Los órficos, para conseguir mantener el alma purificada y poder
evadirse del ciclo de las reencarnaciones, propugnaron una vida ascética con
una dieta que, como sugiere Eurípides en el Hipólito,
evitaba consumir seres animados. Un buen ejemplo nos lo ofrece Teseo al
reprender de este modo a su hijo Hipólito a quien acusaba de ser un falso órfico:
“Y
ahora presume y engaña alimentándote de cosas inanimadas. Con Orfeo como señor,
haz de bacante honrando una vacuidad de muchos libros”.
Platón
confirmó en las Leyes que el modus vivendi
órfico, el bíos orphikós, se
caracterizaba por consumir todo tipo de seres inanimados y de abstenerse del
consumo de los animados:
“cierto
modo de vida que llamamos “órfico”, ajustándose a todo lo inanimado, se
abstiene, por el contrario, del consumo de todos los seres animados”.
Asimismo,
Heródoto informa que quienes participaban de los ritos órficos no podían
entrar en los templos ni ser enterrados con vestidos de lana
y Aristófanes insistió en la orden órfica que prohibía, en consonancia con
la prescripción de mantener impoluta el alma, el derramamiento de sangre:
“Orfeo
nos enseñó las iniciaciones y a
rechazar los asesinatos”.
Es
obvio que todas estas normas rituales estaban orientadas a evitar que el alma
se “manchase” con el contacto con la sangre y manifiestan la exigencia de
pureza que imperaba en el círculo de los seguidores de Orfeo. Muchas
prohibiciones semejantes fueron adoptadas también por los pitagóricos.

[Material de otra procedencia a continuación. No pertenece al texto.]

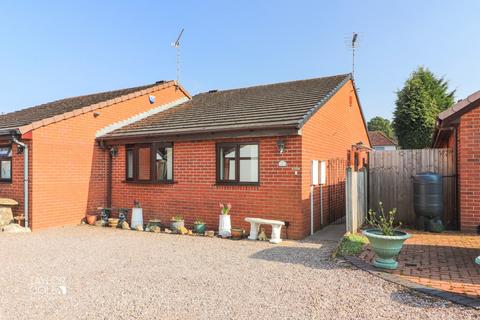 2 bedroom semi-detached bungalow for sale, Sycamore Road, Kingsbury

El significado secreto de las
palabras
Prácticamente
todos los rasgos que caracterizan el mito de Orfeo conocieron una interpretación
alegórica y racional merecedora, en cada caso, de un análisis más
pormenorizado. Baste apuntar al respecto que la capacidad de Orfeo de
dominar mediante la música a los seres irracionales de la naturaleza fue
interpetada como el triunfo de la civilización sobre la humanidad primitiva.
Para completar el panorama
de las diversas facetas que tuvo el orfismo en la antigüedad, nos interesa
finalizar esta cuestión aludiendo a otra de las derivaciones surgidas del
poder sobrenatural de su voz. Ya hemos visto como algunos magos justificaron
sus encantamientos apoyándose en el poder que contenían los libros de Orfeo
para dominar la voluntad de los dioses y que extendieron
a su capacidad de guiar ellos mismos las almas de los muertos mediante
lo que denominaban iniciaciones.
Es, asímismo, muy significativo que el poder de la palabra de Orfeo se
hubiese abordado también desde una perspectiva más razonada y “filosófica”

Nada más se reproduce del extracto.